*** Opening INFORMATION SHOWN ***

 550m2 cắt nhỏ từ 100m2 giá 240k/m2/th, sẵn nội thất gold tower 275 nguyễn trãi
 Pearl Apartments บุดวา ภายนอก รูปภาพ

*** Closing INFORMATION SHOWN ***
*** Opening INFORMATION SHOWN ***

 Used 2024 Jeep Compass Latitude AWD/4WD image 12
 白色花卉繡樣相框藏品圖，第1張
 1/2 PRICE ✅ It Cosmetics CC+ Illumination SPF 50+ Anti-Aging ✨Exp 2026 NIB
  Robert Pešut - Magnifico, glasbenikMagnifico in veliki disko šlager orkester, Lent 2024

*** Closing INFORMATION SHOWN ***

> PROBLEM DESCRIPTION
Looking back over the data above, restate word for word the lines that begin at the line with "白色花卉繡樣相框藏品圖，第1張" and end at the line with "Robert Pešut - Magnifico, glasbenikMagnifico", inclusive.

> EXERCISE SOLUTION
 白色花卉繡樣相框藏品圖，第1張
 1/2 PRICE ✅ It Cosmetics CC+ Illumination SPF 50+ Anti-Aging ✨Exp 2026 NIB
  Robert Pešut - Magnifico, glasbenikMagnifico in veliki disko šlager orkester, Lent 2024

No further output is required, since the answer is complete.